━━ Data section

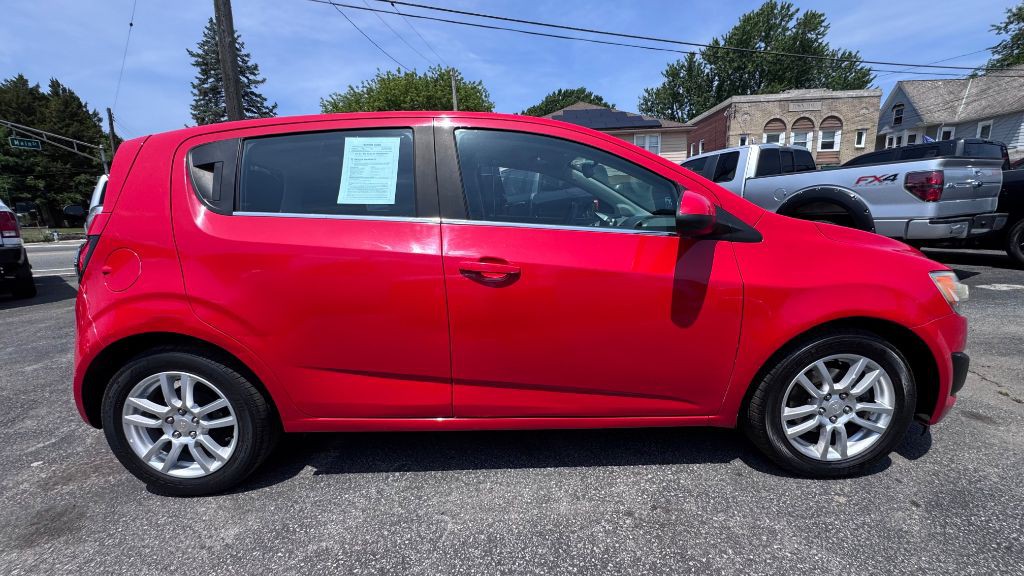 2015 Chevrolet Sonic Image 22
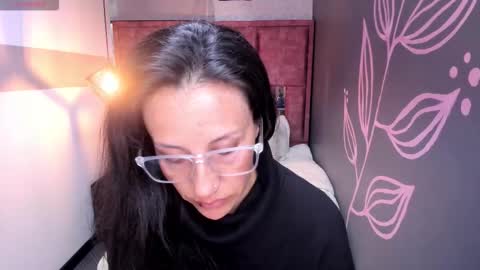 Snapshot of abrillee1 chatting on 11.08.25 ABRIL online show from 11.08.25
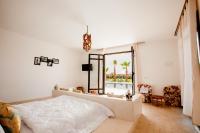 Suite Junior con vistas a la piscina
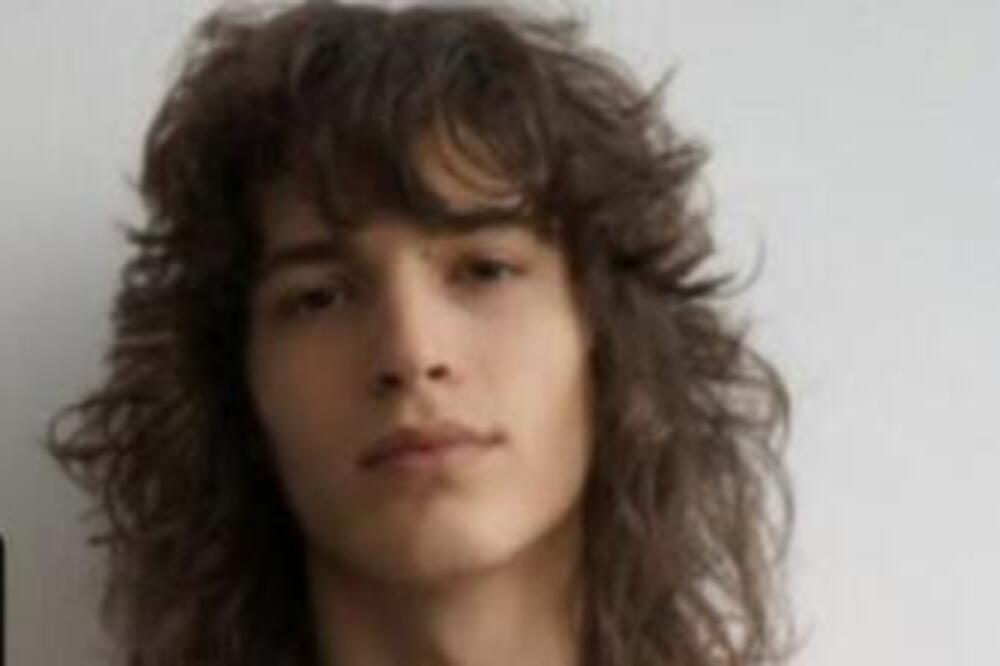 NEMA ŠANSE DA PROVALITE KO JE NA FOTKI! U PITANJU JE PEVAČ ZA KOJIM ŽENE LUDE: Čik pogodite o KOME je reč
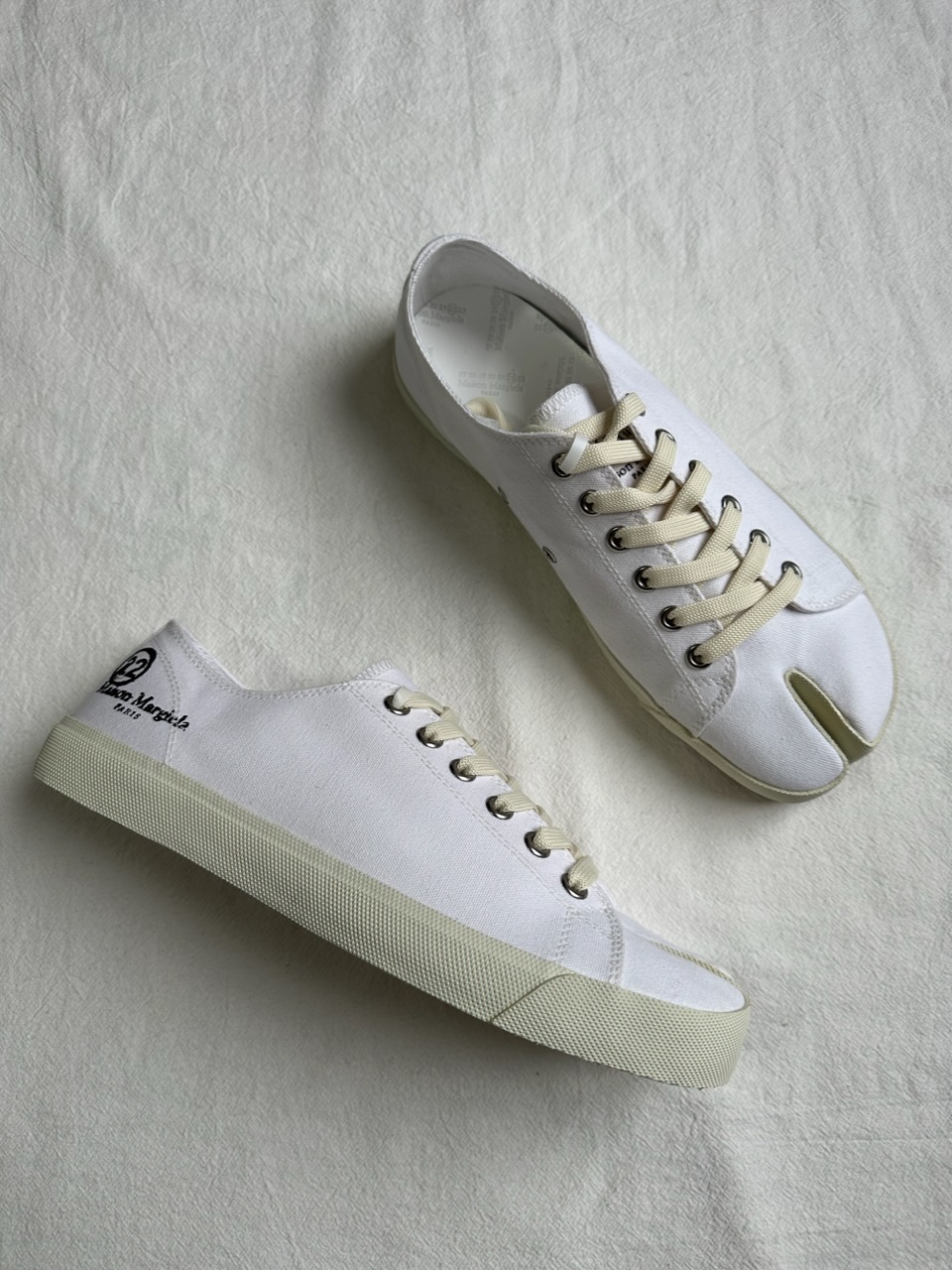 MAISON MARGIELA TABI LOW-TOP SNEAKERS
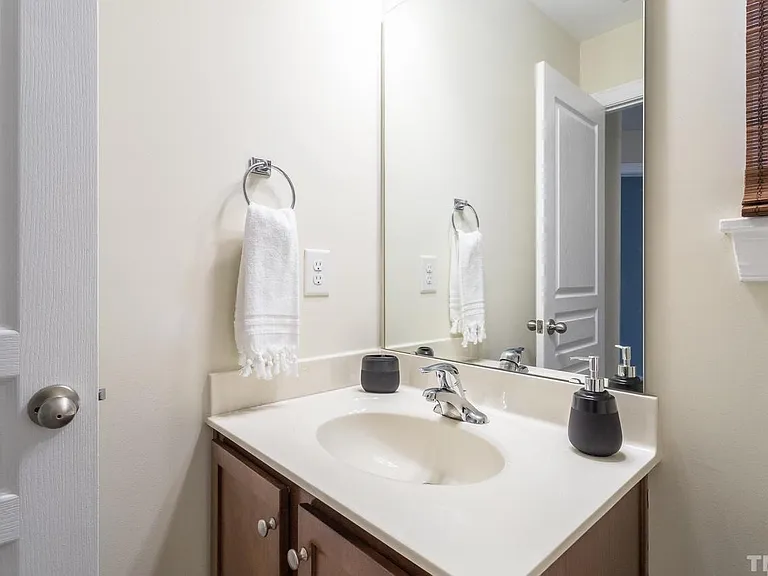 8024 Sycamore Hill Ln — Photo 13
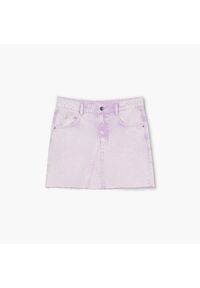 Cropp - Liliowa spódnica jeansowa - Fioletowy. Kolor: fioletowy. Materiał: jeans. Długość: krótkie #1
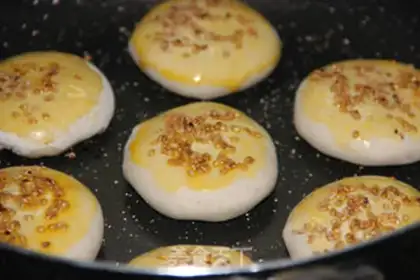 Make Pork, corn and mung bean cake step 17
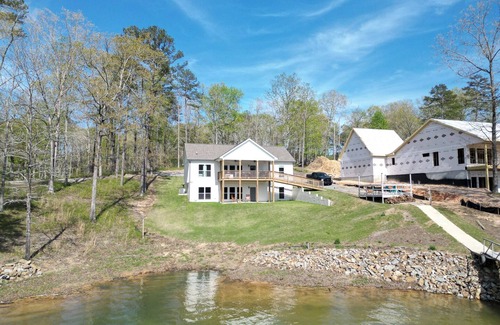 Arley House | Spacious 6-bedroom house on beautiful Lewis Smith Lake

━━━━

■ **Problem to work on**
No pictures go in the copy. Retype exactly the lines from the one with "Snapshot of abrillee1" through the last line of the entries above, both included, and nothing more.

■ **Reply to the exercise**
 Snapshot of abrillee1 chatting on 11.08.25 ABRIL online show from 11.08.25
 Suite Junior con vistas a la piscina
 NEMA ŠANSE DA PROVALITE KO JE NA FOTKI! U PITANJU JE PEVAČ ZA KOJIM ŽENE LUDE: Čik pogodite o KOME je reč
 MAISON MARGIELA TABI LOW-TOP SNEAKERS
 8024 Sycamore Hill Ln — Photo 13
 Cropp - Liliowa spódnica jeansowa - Fioletowy. Kolor: fioletowy. Materiał: jeans. Długość: krótkie #1
 Make Pork, corn and mung bean cake step 17
 Arley House | Spacious 6-bedroom house on beautiful Lewis Smith Lake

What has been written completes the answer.